Kolumne Press-Schlag: 6.799.970 Statisten
Joachim Löw und Co. erweitern ihre Machtbasis, der DFB besteht nur noch aus seiner Nationalmannschaft. Wen interessiert da schon die Basis?
D er DFB hat über 6,8 Millionen Mitglieder. Er ist der größte Sportverband der Welt. Scheinbar. Denn derzeit ist der Deutsche Fußball-Bund nicht größer als die Verbände von Liechtenstein, Tonga, Turkmenistan oder Burkina Faso. Im Mittelpunkt stehen hier wie da exakt jene 22 Mann, die im Nationalteam spielen. Und die paar sehr wichtigen Herren drum herum.

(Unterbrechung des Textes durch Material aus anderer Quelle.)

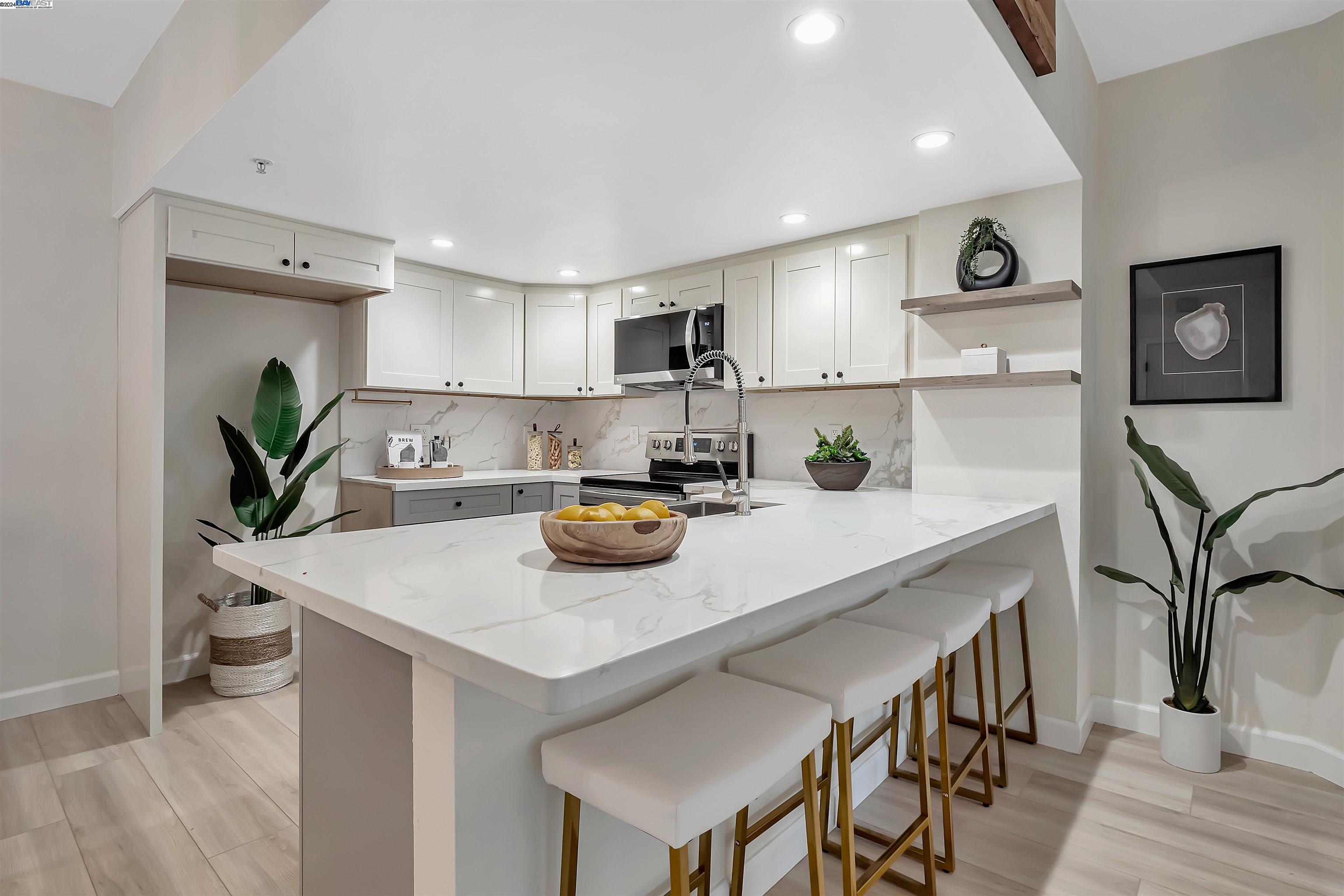 Undisclosed Address San Ramon, CA 94583 - Photo 19 of 40 a kitchen with a sink a stove and chairs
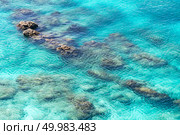 Top view of transparent shallow turquoise ocean sea water surface and rock at andaman sea indian ocean in summer. Стоковое фото, агентство Ingram Publishing / Фотобанк Лори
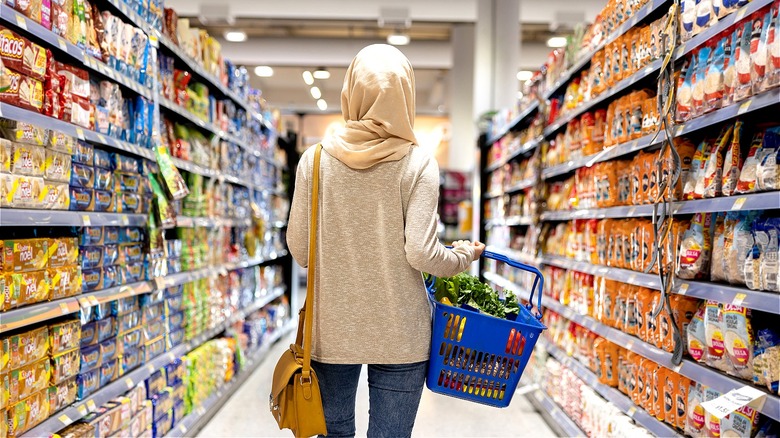 Person walking through grocery aisle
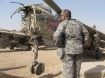 An Oregon National Guard officer inspects a battered Iraqi MiG-23 jet fighter at the Balad Air Base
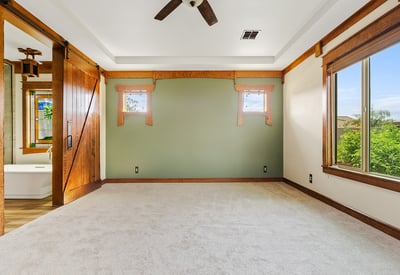 Spacious primary suite offering abundant light, soft carpeting, and calming views. Designed as a private retreat within this beautifully finished Phoenix property.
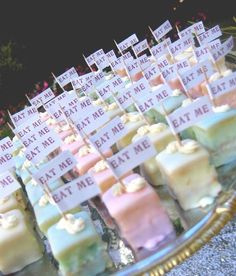 many different types of marshmallows are on a tray with small signs attached to them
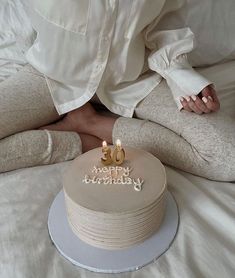 a person sitting on a bed with a birthday cake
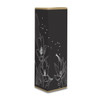A tall patterned box featuring white floral illustrations on a black background, with a gold top edge.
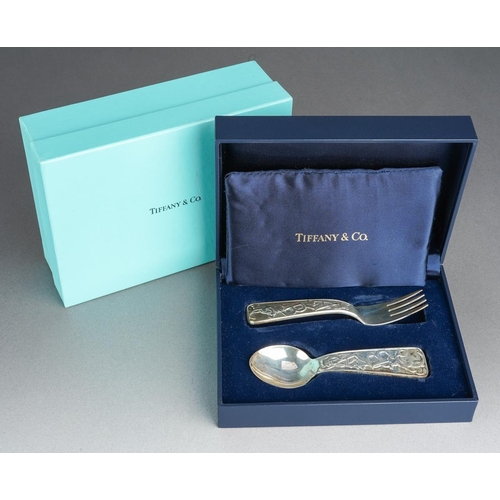 62 - A boxed Tiffany& Co sterling silver christening set spoon and fork, the handles cast with bears and ... 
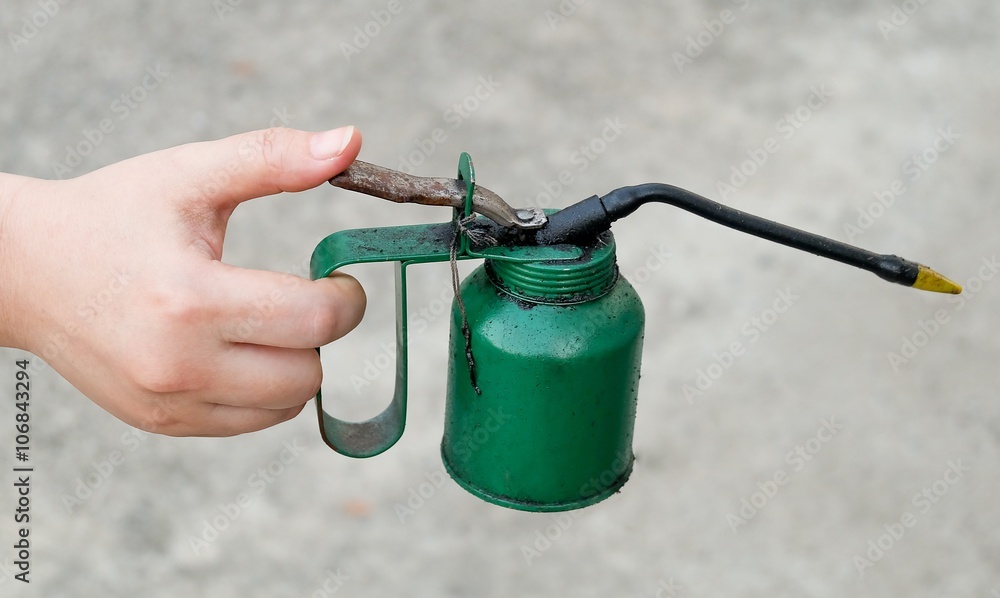 Naklejka premium Hand Holding Old and Dirty Oil Can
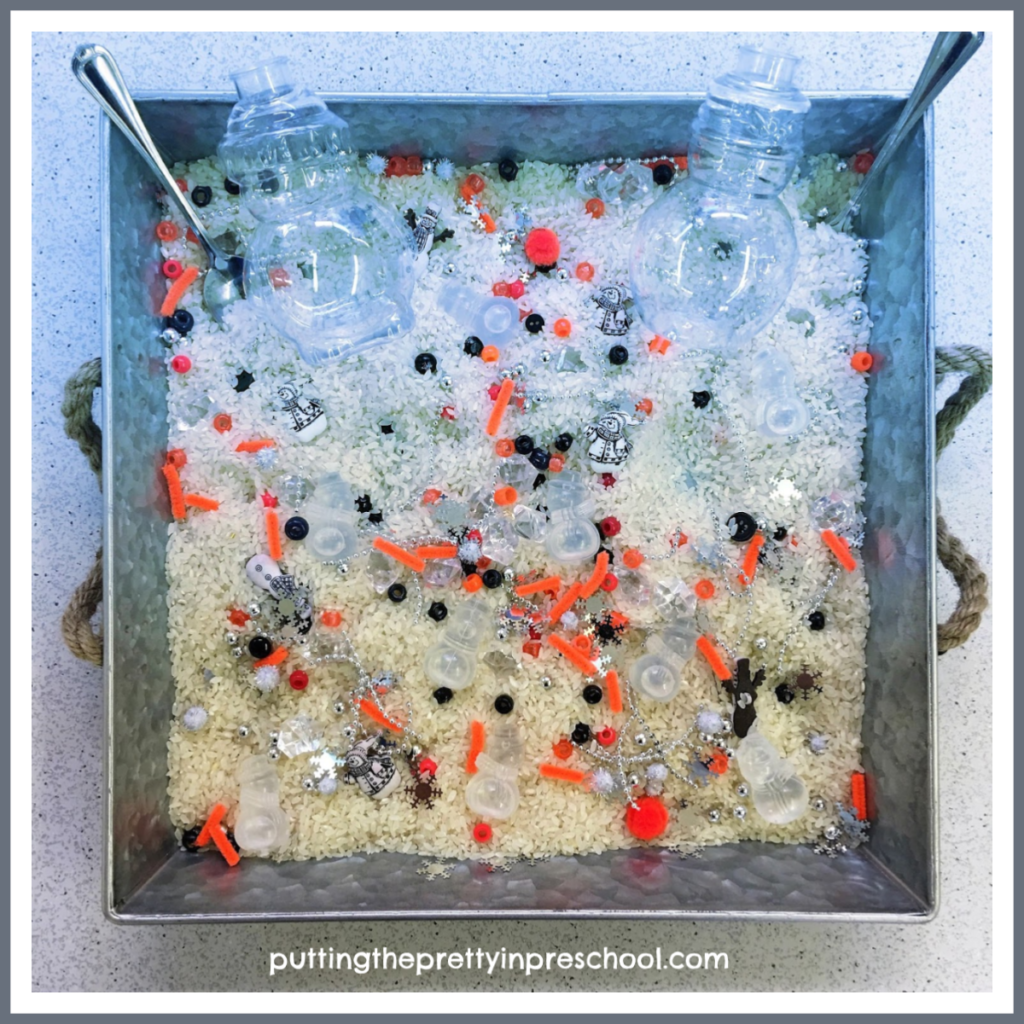 Snowman sensory tray with a rice base and loose parts. Snowman bottles, ice cubes, and buttons are the highlights of the tray.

Wir haben es in der Außendarstellung des DFB mit einem Schrumpfverband zu tun, der sein Kerngeschäft im Hinterzimmer abwickelt und auf der großen Bühne jene 22 Mann plus Trainergespann ins Schlaglicht rückt. Mehr Nationalteam war selten im DFB.
Mit der Vertragsverlängerung von Jogi Löw bis Mitte 2016, der Installierung von Hansi „im Glück“ Flick als Sportdirektor (ab Mitte 2014 bis 2019) und der Weiterbeschäftigung von Manager Oliver Bierhoff sowie Torwarttrainer Andy Köpke bleibt nicht nur alles beim Alten, nein, jetzt hat Jogis Nationalteam-Team auch noch komplett die Regentschaft im DFB übernommen. Der DFB besteht nur noch aus seiner Nationalmannschaft. Die 6.799.970 anderen sind Staffage.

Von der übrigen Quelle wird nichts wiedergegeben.